"Demand was very significant," Finance Minister Maria Luis Albuquerque told journalists after a weekly cabinet meeting on Thursday. "This was a very successful issue."

The five-year bond issue had reached the government's goal of 3.25 billion euros (2.6 billion pounds), she said, which is almost one-third of the 10.5 billion euros in bond issuance envisaged by the government's 2014 budget. The final yield was 4.657 percent.

In the secondary market, the June 2019 bond yielded around 4.7 percent, well below the 6.4 percent in Portugal's last pre-bailout bond issue in 2011 and below last January's 4.89 percent on a slightly shorter maturity.

Portugal wants to demonstrate to investors that it can issue bonds to ensure a smooth exit from its 78-billion-euro bailout as planned in mid-2014. Sharply falling yields and growing optimism in markets that the worst is over in the euro zone crisis is helping Lisbon approach that goal.

Nicholas Spiro, managing director at Spiro Sovereign Strategy, said Portugal was reaping the benefits of sharply improving market sentiment.

"Portugal is now building up a cash cushion like Ireland did last year," he said. "There is a window of opportunity for Portugal to issue bonds that doesn't seem to be closing quickly."

Still, Spiro doubts Portugal will manage to exit its bailout without some sort of precautionary lending programme from creditors to replace it, unlike Ireland which made a 'clean exit' from its assistance plan.

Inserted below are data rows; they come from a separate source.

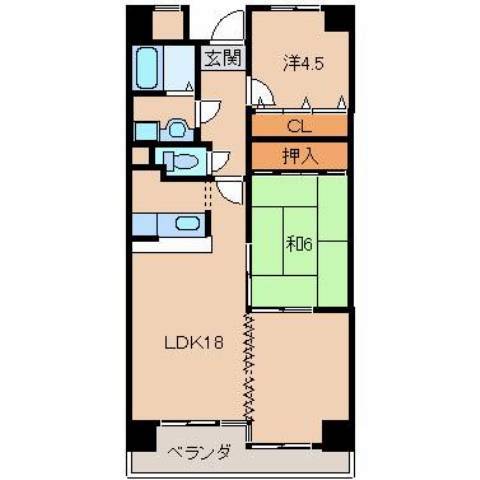7階の間取り図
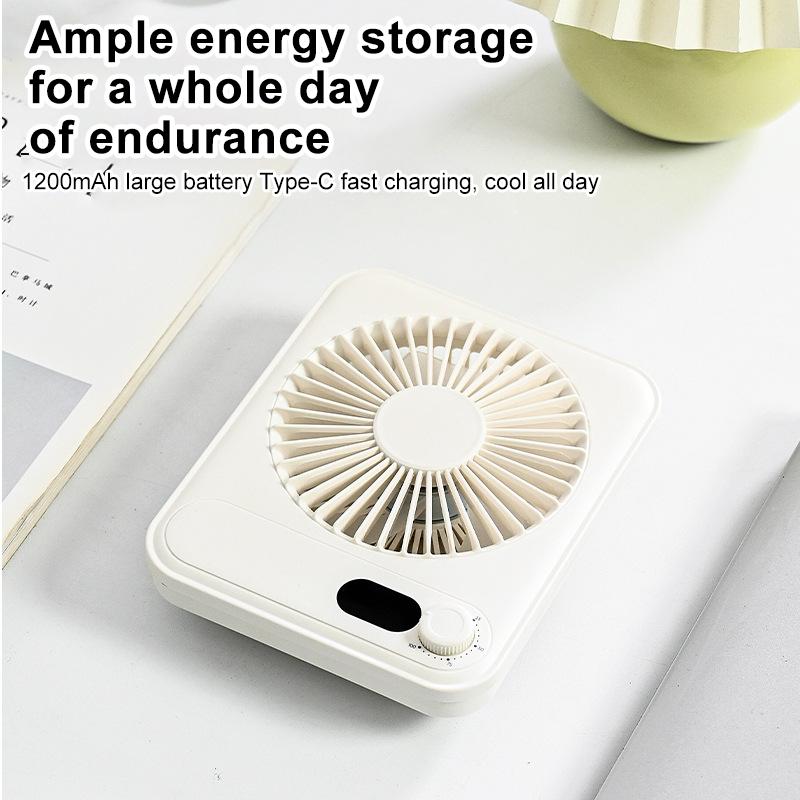 Desk Fan Portable USB Rechargeable Fan 180 Tilt Folding Personal Fan With Power Display 5 Speeds Ultra Quiet Table Fans Hot 2025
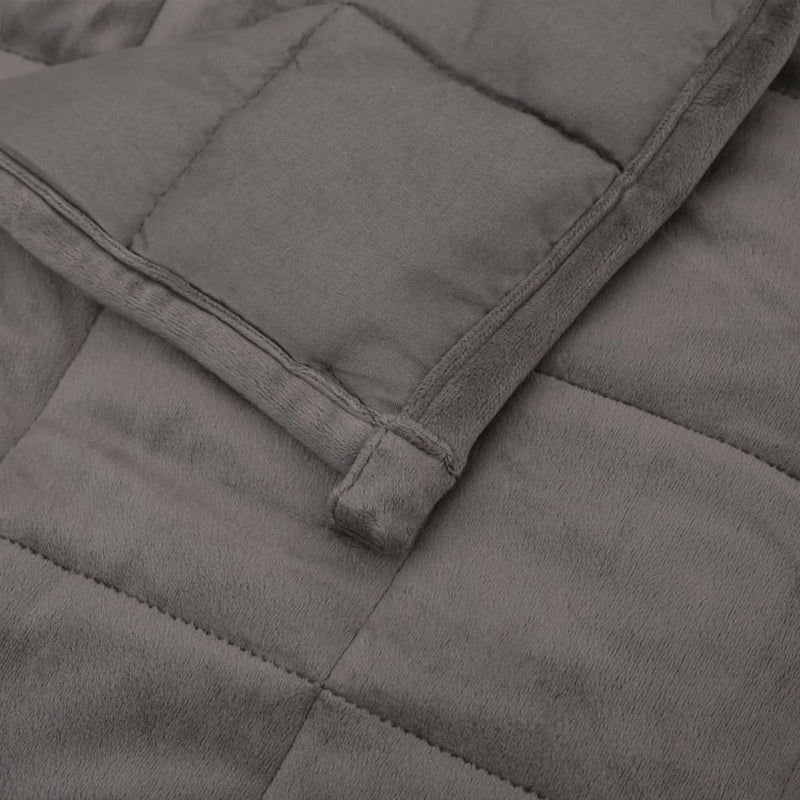 vidaXL Weighted Blanket Grey 155x220 cm 11 kg Fabric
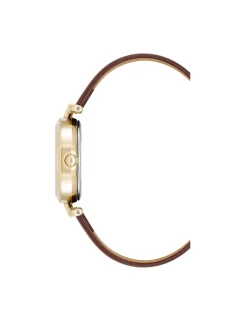 Store Anne Klein Consider It Oval Case Leather Watch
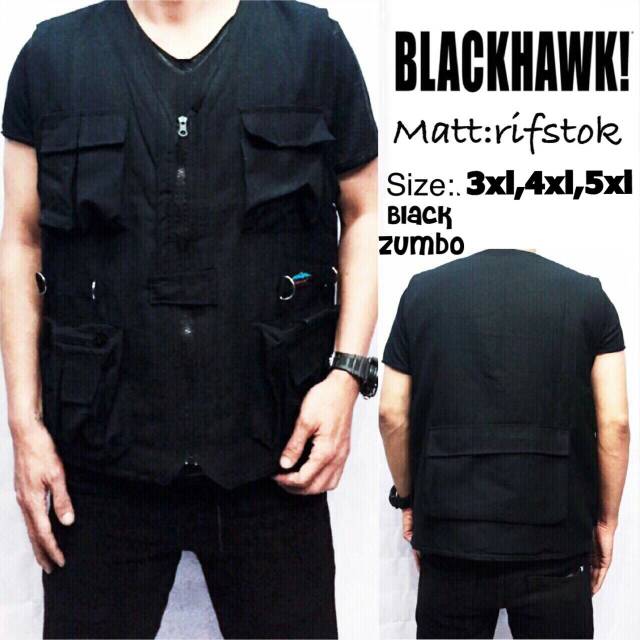 Jaket rompi Blackhawk super jumbo size XXXL XXXXL XXXXXL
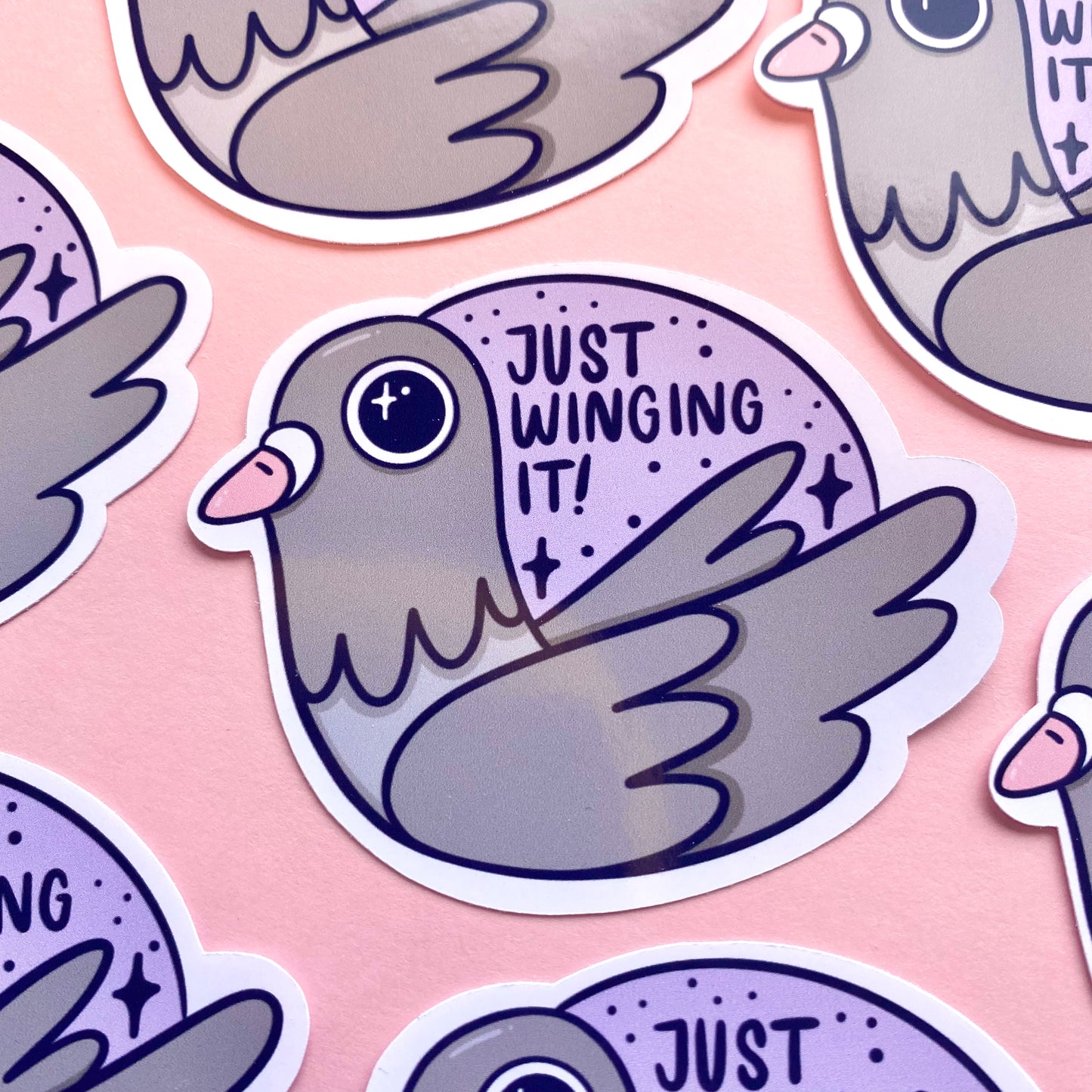 Just Winging It! Glossy Sticker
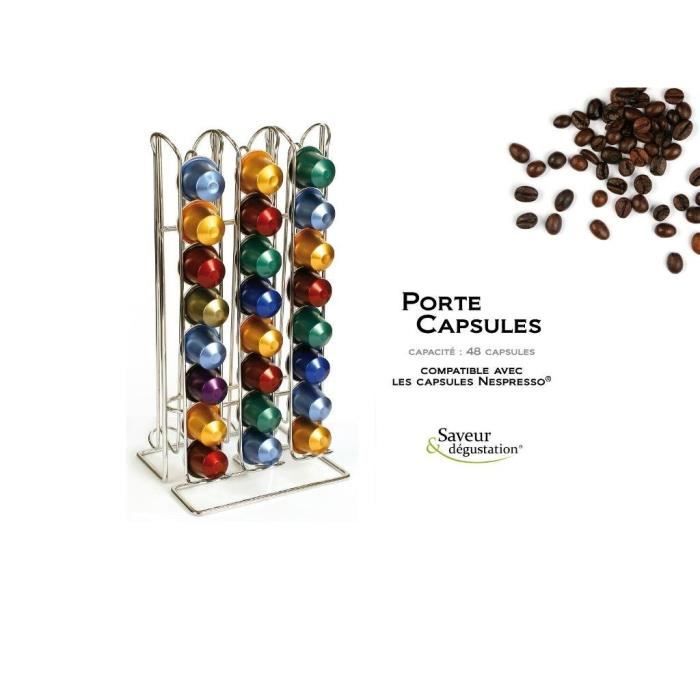 TAVOLA SWISS - Porte capsules distributeur - Nespresso - 40 capsules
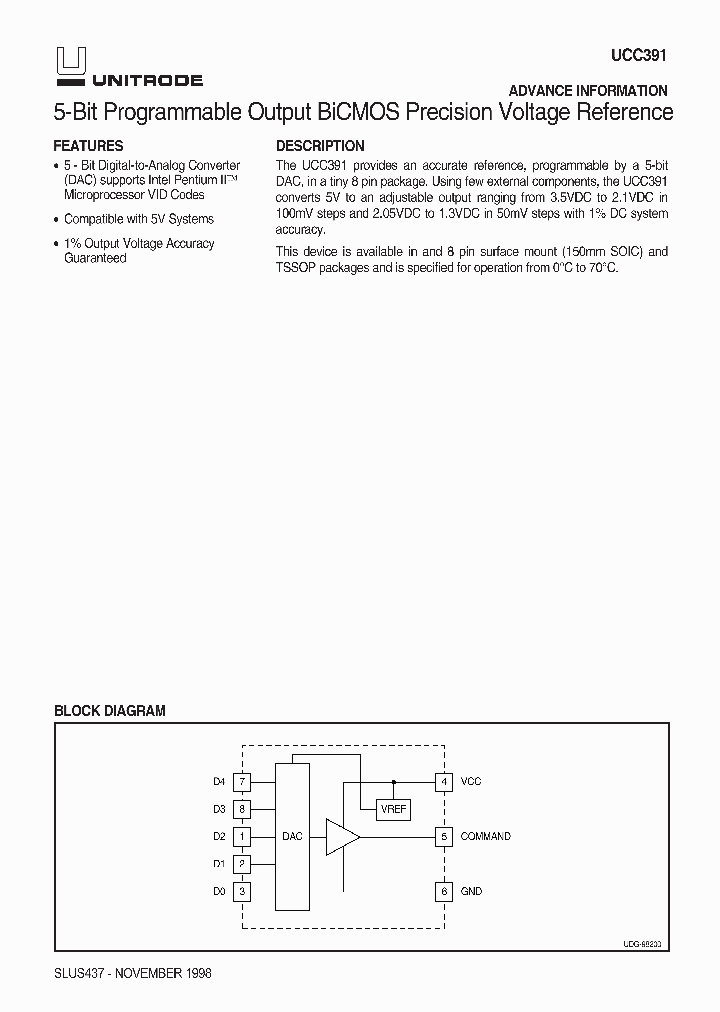 SLUS437_1003517.PDF Datasheet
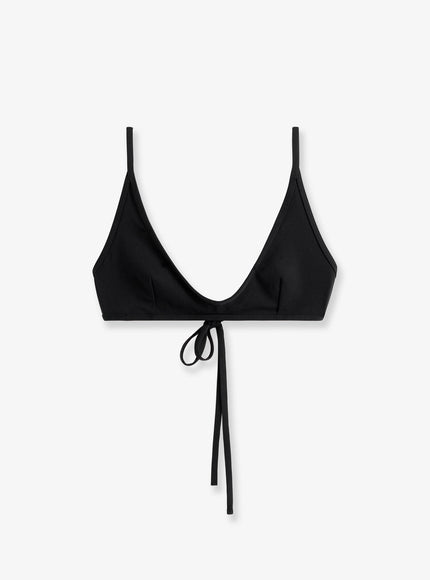 Toteme Nylon Bikini Top Black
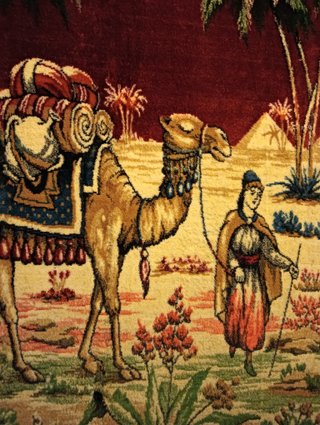 Tapiz Oriental 187x125cm + Marco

"The overriding goal is to get their debt out the door to build a cash cushion to have leverage. This is a politically driven funding programme," he said.

In another positive development, the government announced the winner of a privatisation tender for Caixa Seguros, the insurance unit of the state-owned bank Caixa Geral de Depositos. The sale to Chinese group Fosun International will earn the government about 1 billion euros.

That means Lisbon has earned a total of 8.1 billion euros from privatisations since the start of the bailout, beating its privatisation revenue goal of around 5 billion euros.

Portugal's stock index PSI20 <.PSI20> rose to its highest levels since mid-2011 earlier on Thursday on optimism about the debt market return.